Exercise instructions:
The job is to find each line in the entries holding the string "trajes" and copy that line.

Given data:
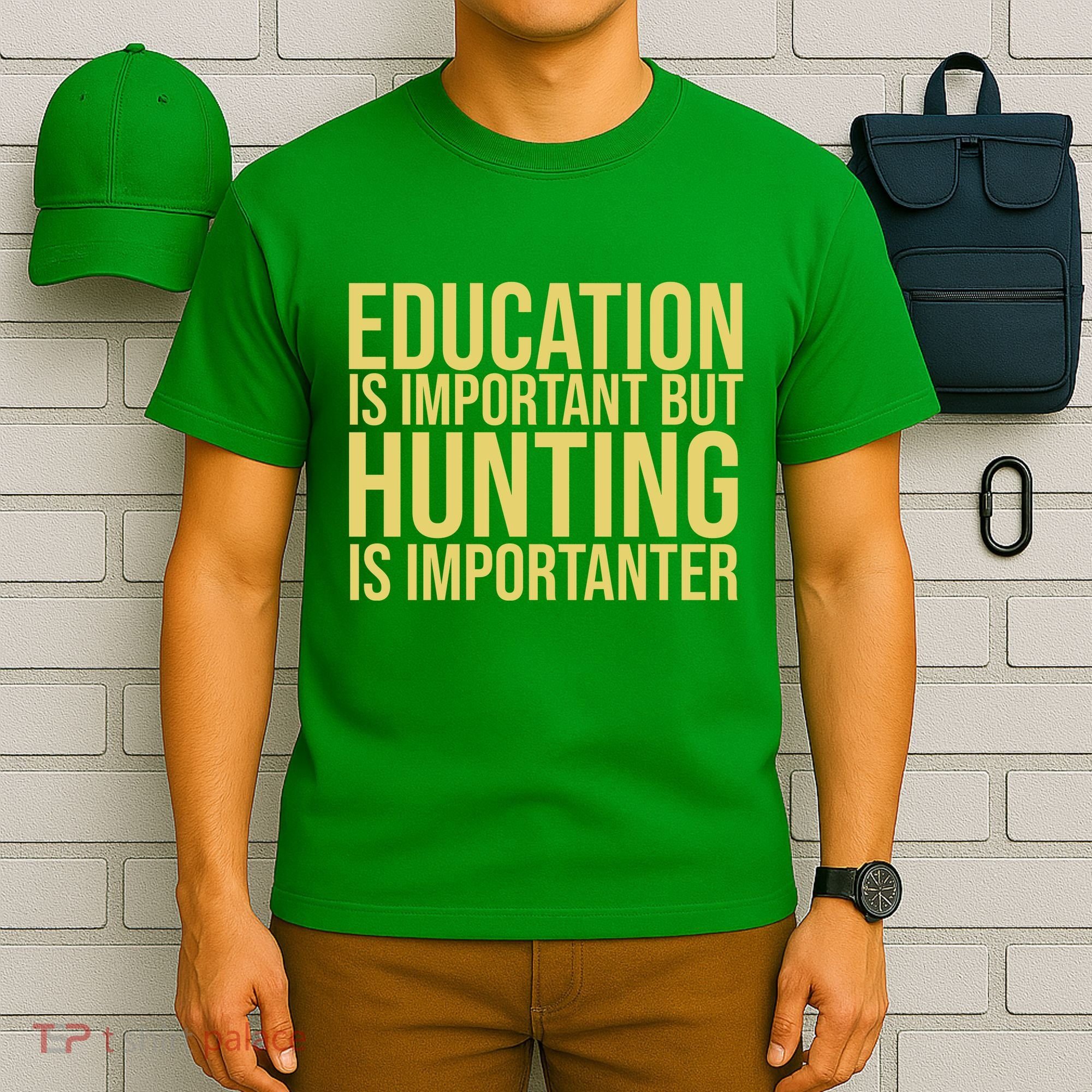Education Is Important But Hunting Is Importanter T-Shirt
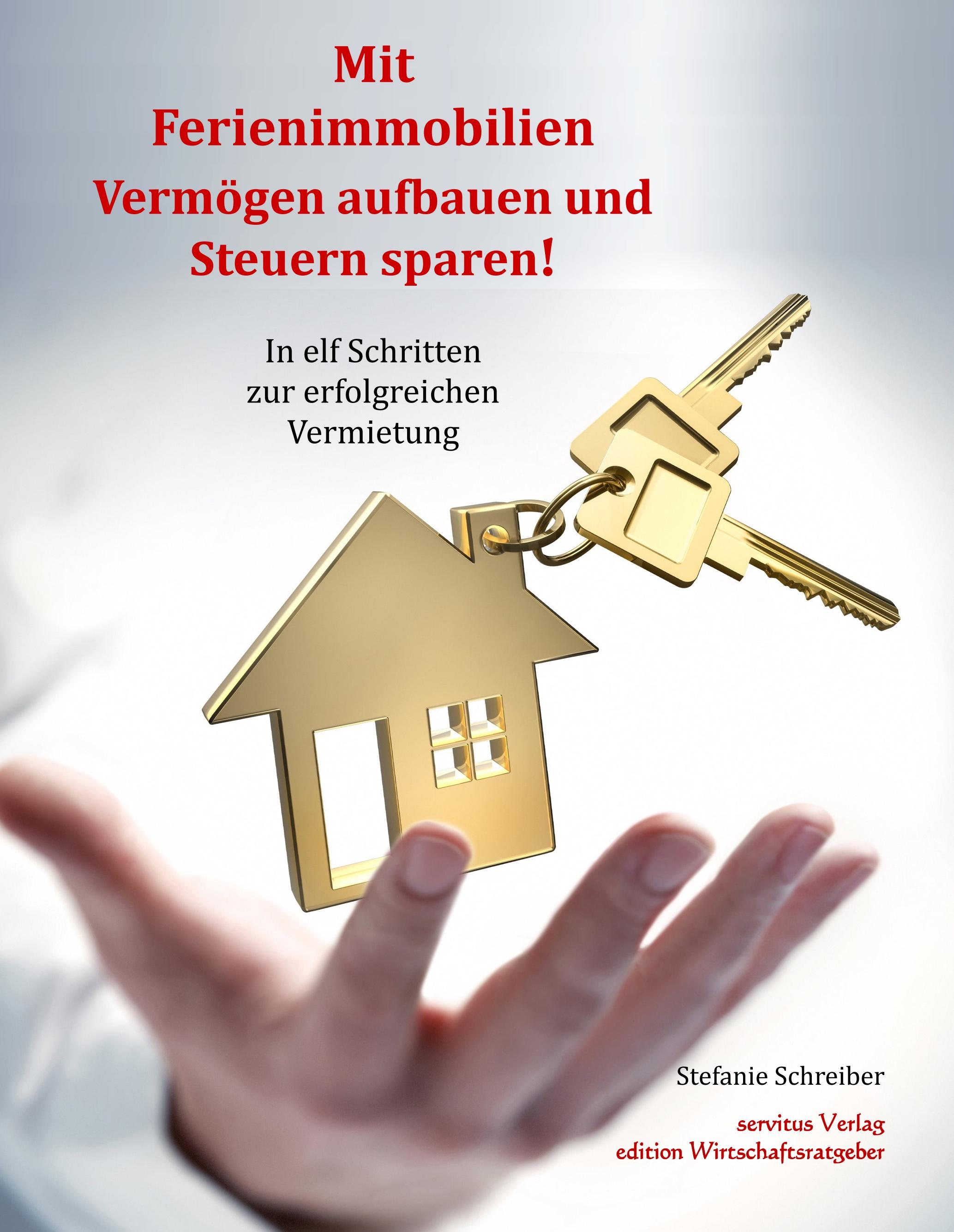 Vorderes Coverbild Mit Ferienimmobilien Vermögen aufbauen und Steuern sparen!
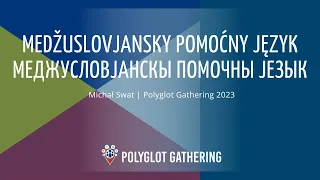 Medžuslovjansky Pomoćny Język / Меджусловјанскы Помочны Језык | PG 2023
...
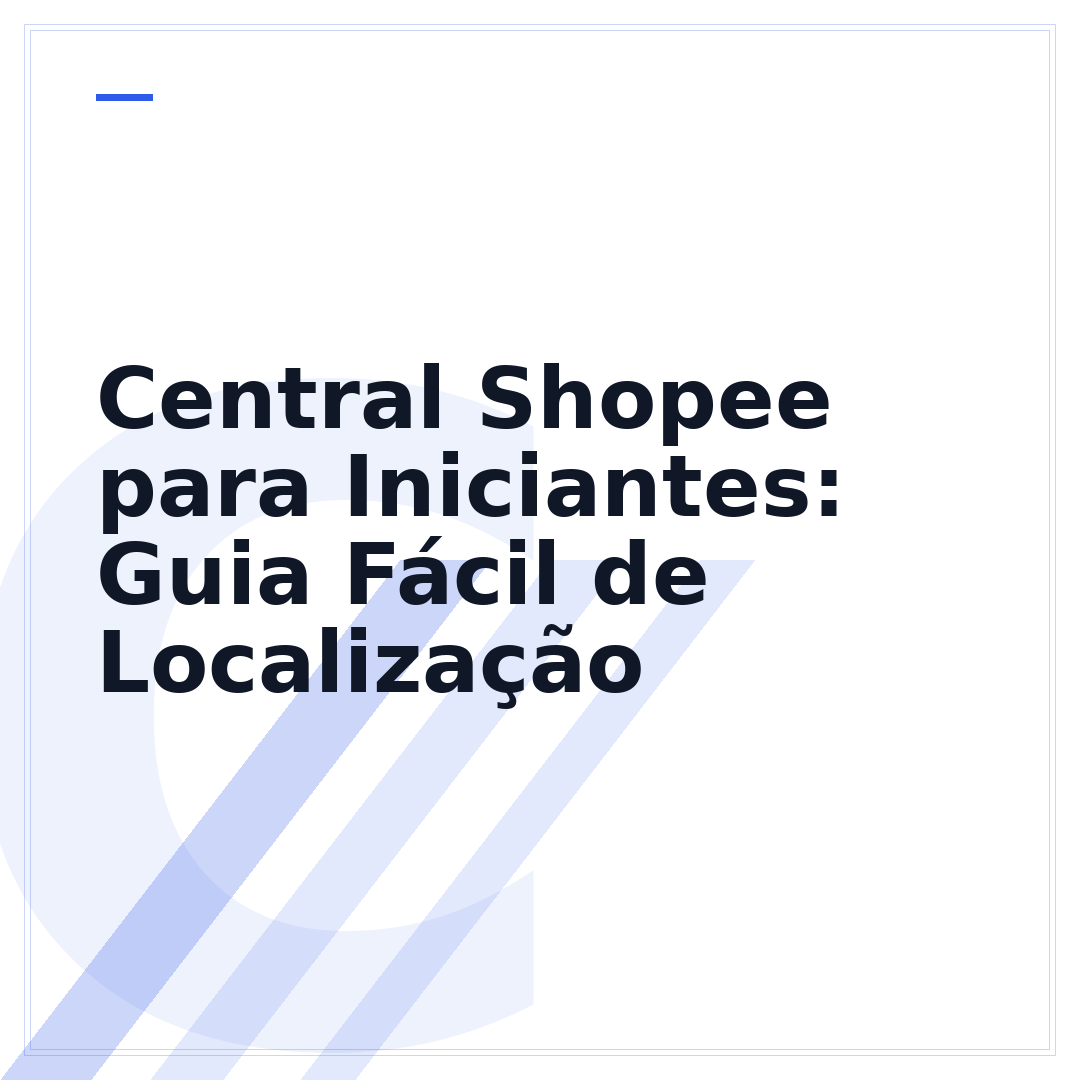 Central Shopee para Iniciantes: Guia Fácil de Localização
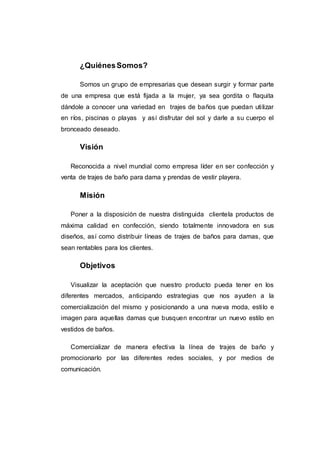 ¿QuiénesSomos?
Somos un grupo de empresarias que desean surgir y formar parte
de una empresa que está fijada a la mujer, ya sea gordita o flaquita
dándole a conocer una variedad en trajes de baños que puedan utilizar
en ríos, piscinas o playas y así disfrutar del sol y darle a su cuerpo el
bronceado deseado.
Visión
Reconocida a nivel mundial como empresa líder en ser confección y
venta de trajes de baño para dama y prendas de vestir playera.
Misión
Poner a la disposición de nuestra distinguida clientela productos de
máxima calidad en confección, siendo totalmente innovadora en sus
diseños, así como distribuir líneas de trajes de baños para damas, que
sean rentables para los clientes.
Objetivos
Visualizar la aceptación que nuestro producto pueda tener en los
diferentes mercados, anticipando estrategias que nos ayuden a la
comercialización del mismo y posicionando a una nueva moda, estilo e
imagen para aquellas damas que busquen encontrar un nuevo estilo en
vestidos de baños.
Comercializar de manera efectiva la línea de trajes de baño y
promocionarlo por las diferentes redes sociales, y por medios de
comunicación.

Response below:
dándole a conocer una variedad en trajes de baños que puedan utilizar
venta de trajes de baño para dama y prendas de vestir playera.
diseños, así como distribuir líneas de trajes de baños para damas, que
Comercializar de manera efectiva la línea de trajes de baño y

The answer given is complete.